But the Drama Desk is still going ahead with their award presentation on NY-1’s On Stage show on Sun. May 31 with Tituss Burgess (Unbreakable Kimmy Schmidt), James Corden, Kristin Chenoweth, Alan Cumming, Beanie Feldstein (Hello, Dolly!), Santino Fontana, Renee Elise Goldsberry, Jesse Tyler Ferguson, Jane Krakowski, Patti LuPone, Audra McDonald, Cynthia Nixon, Ashley Park, Andrew Rannells, Ali Stroker (Oklahoma!), and Susan Stroman. Broadway and Off-Broadway are considered for all categories. Here are my predictions in the major slots along with my preferences (Disclosure: I am a Drama Desk voting member and have already cast my ballot)

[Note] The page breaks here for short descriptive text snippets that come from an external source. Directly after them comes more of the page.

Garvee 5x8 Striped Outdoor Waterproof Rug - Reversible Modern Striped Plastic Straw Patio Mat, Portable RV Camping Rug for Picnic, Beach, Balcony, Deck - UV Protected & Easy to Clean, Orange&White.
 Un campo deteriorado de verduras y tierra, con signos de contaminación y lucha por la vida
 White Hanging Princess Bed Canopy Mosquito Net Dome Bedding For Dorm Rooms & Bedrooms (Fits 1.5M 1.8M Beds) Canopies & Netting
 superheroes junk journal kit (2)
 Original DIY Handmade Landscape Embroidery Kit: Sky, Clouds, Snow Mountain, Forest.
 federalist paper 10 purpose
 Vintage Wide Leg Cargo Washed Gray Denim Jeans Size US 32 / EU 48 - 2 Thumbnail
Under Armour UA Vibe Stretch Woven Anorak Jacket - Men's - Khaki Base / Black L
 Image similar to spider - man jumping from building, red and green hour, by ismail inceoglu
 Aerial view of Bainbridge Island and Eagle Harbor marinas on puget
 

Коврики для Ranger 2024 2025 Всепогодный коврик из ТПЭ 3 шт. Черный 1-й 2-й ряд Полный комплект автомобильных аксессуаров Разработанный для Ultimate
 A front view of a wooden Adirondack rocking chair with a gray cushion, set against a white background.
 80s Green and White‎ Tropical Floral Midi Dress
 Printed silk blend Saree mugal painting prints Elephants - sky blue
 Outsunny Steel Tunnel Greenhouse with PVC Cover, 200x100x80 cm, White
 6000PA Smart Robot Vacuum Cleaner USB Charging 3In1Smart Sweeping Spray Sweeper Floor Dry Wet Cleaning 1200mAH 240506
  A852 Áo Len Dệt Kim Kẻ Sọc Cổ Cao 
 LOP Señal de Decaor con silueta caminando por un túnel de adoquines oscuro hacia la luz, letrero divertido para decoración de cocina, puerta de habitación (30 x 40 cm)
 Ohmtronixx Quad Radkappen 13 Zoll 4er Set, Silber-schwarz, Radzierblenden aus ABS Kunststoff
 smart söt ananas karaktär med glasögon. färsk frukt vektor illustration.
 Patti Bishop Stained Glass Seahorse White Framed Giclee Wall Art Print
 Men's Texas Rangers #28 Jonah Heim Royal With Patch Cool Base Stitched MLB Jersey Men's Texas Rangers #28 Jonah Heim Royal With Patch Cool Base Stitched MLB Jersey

Prediction: The Inheritance
Preference: Heroes of the Fourth Turning
The DD includes both Broadway and Off-Broadway in all of its multiple categories, but they usually go for the Broadway choice. With the shortened season, four of the five nominees in this category are Off-Broadway, but the voters will probably go for the only Broadway entry, The Inheritance, Matthew Lopez’s two-part saga of the post-AIDS gay community loosely based on E.M. Forster’s classic novel Howard’s End. I voted for Heroes of the Fourth Turning, Will Arbery’s drama of a reunion of graduates from a conservative Christian university in Wyoming, which had a short run at Playwrights Horizons and won the New York Drama Critics Circle Award for Best Play.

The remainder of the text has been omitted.